Jargon & Slang van Wielrenners

Marc De Coster (2017)

Gepubliceerd op 31-03-2017

Benen

betekenis & definitie

Benen - 'de benen stil houden': niet meefietsen, passief blijven. 'Dikke benen hebben': opgeblazen gevoel in de benen dat voorkomt bij een te snelle start of bij oververmoeidheid.

Aan het vertrek had ik verschrikkelijk dikke benen, wat mij verwonderde, want gisteren heb ik niet zo heel erg afgezien. - Maarten Ducrot, Berichten uit de Tour de France (1987)

'Flanellen benen hebben': zich slap in de benen voelen. Vgl. Fr. avoir les jambes en flanelle. 'Goeie benen hebben': in vorm zijn; gemakkelijk, soepel fietsen. Vandaar ook: 'de goede benen hervinden'.

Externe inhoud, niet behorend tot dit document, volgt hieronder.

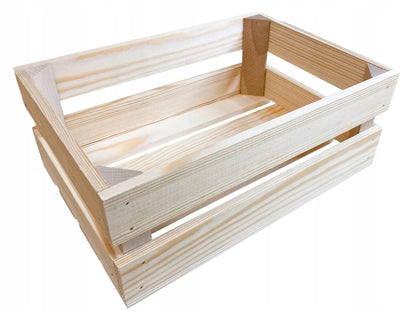 Wooden Crate - Unpainted Pine Wood Storage Box DIY Small Size 30 x 20 x 11 cm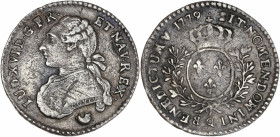 Louis XVI - 1/10 écu buste habillé avec l'avers du 1/2 louis 1779 Q (Perpignan) 
R/ Variété de légende DOWINI au lieu de DOMINI.

Argent - 2,70 grs - ...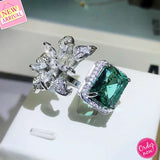 Luxury Green & White square diamond inspired Adjustable Ring By IDH Jewellery-DUB001SR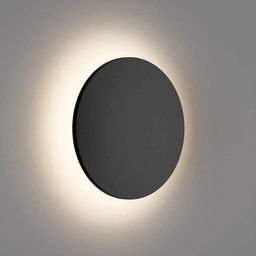 Круглый настенный светильник черный, теплое свечение вокруг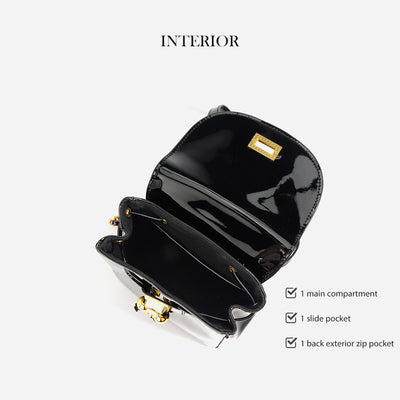 Patent Leather Small Backpack for Women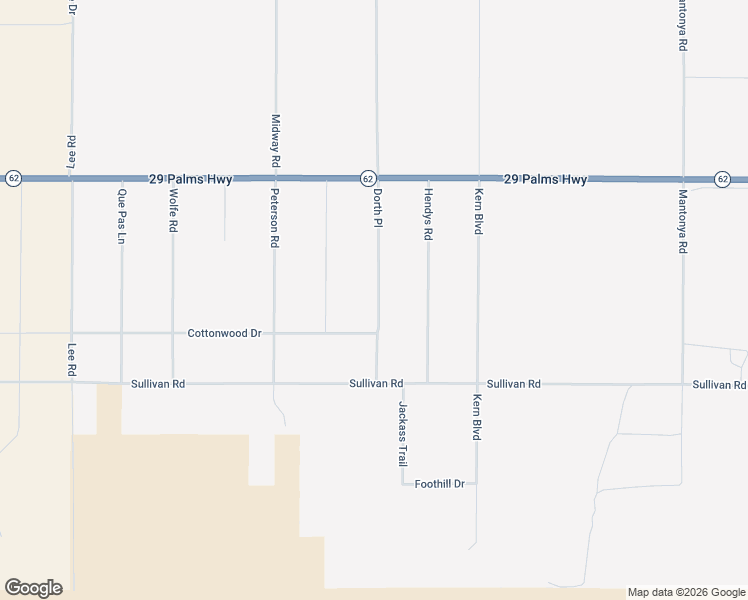 map of restaurants, bars, coffee shops, grocery stores, and more near Dorth Place in Twentynine Palms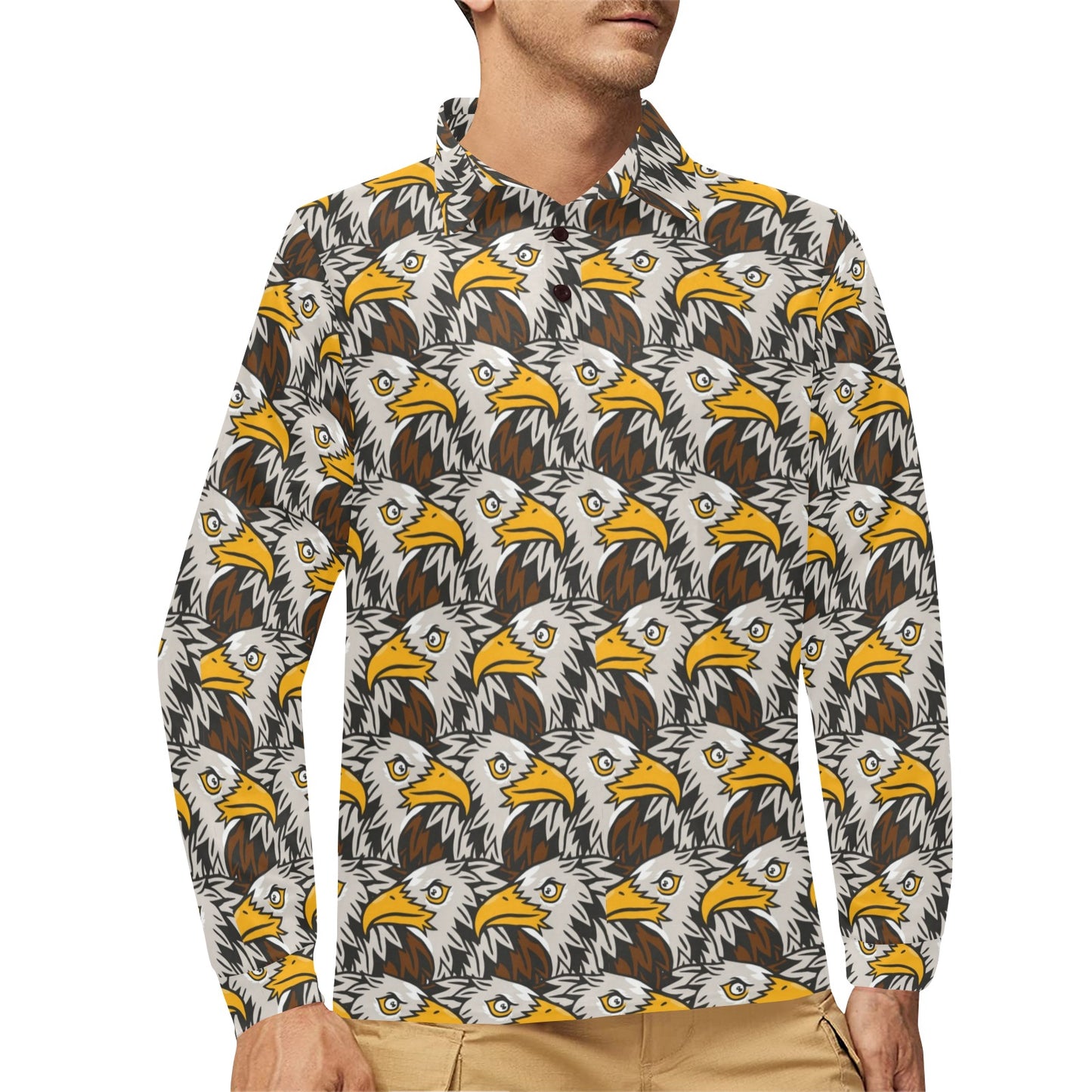 Eagles Head Pattern Long Sleeve Polo Shirt For Men's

En daarom ging Nijdam dus toch maar van start om vervolgens in de keiharde finale zijn goede benen te hervinden. - Wieler Revue 13.10.1989

'Slechte benen hebben': moeizaam, op een weinig soepele wijze fietsen, niet in vorm zijn. 'Met pap in de benen rijden': niet erg soepel fietsen. 'De benen warm zetten': zachtjes masseren of insmeren.